5 (a) RPPL's application for access is amended to exclude documents the subject of disputed claims for privilege or immunity.
(b) RPPL has sought an undertaking from the Department that if its objections to production and inspection are adjourned pending the outcome of any stated case or appeal from Nash (No 2) the Department will treat the outcome of any such stated case or appeal as governing the outcome of its objections to production and inspection of the same documents sought by RPPL's summons. The Department has rejected that proposal. If, in respect of its objections to production and inspection which it makes in response to RPPL's summons for production, the Department is not prepared to abide the outcome of the Glennies Creek/Integra decision in respect of the same claims made in respect of the same documents, there is no reason why the Department's motion to set aside RPPL's summons to produce should not proceed to hearing. In that event, there is no reason why RPPL should be shut out of investigating and obtaining evidence for the hearing of that motion to set aside.

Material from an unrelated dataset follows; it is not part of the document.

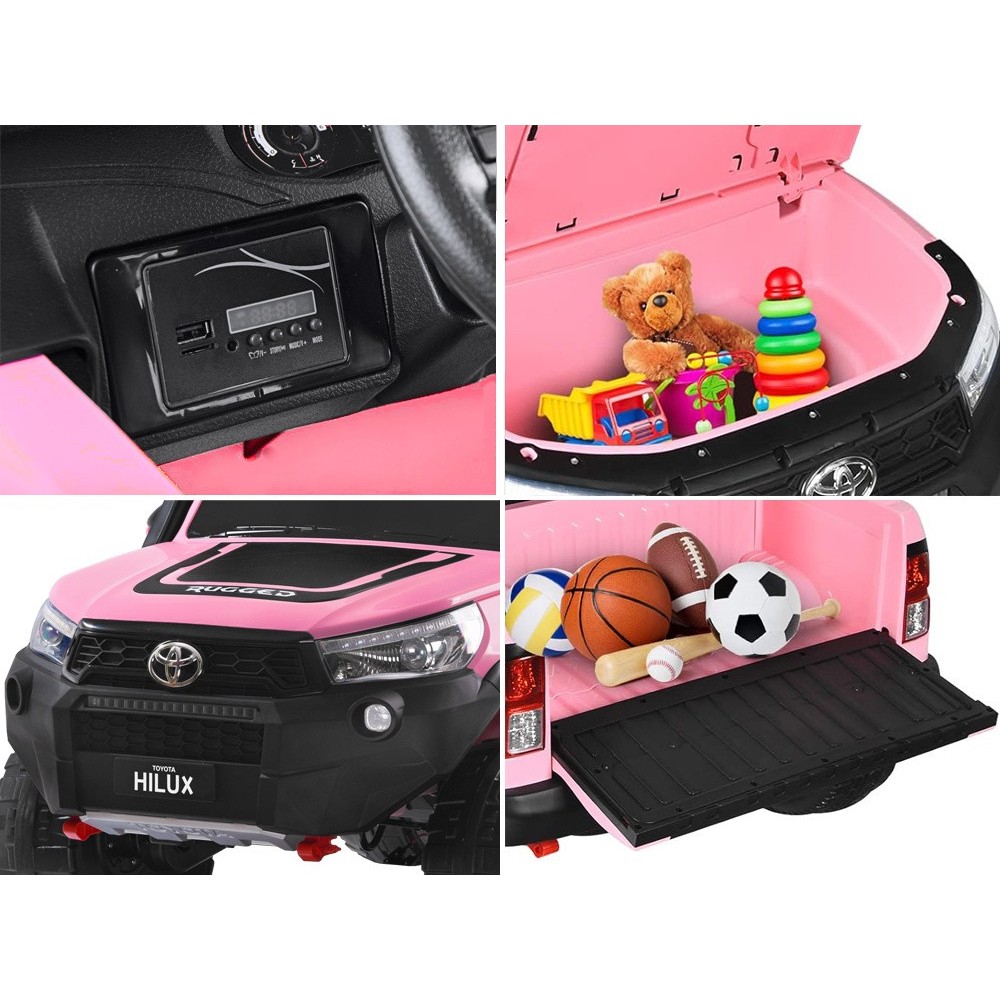 JOKO Elektrické autíčko Toyota Hilux Pick Up, Dvojmiestne Kožené sedadlo, Penové kolesá, Nosnosť 50kg, FM rádio, ružové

6. The fact that the Department may have objections to the use by RPPL of the 12 July 2013 letter by RPPL is no reason for RPPL to be denied access to it (and the whole of Mr Sebbens' affidavit) for the purpose of preparing its case and tendering it.
7. (a) The Prosecutor in the proceedings against Glennies Creek/Integra and the proceedings against RPPL is the same. RPPL is investigating and preparing evidence relating to its contentions that -
the proceedings against it were commenced without proper authority;
prosecution evidence was obtained improperly and/or without lawful authority;
that the Prosecutor has failed to comply with her obligations of disclosure.
(b) RPPL has served a summons to produce on the Department in terms which are practically identical to the first summons from Glennies Creek/Integra served on the Department which was the subject of the Court's judgment in Nash (No 2).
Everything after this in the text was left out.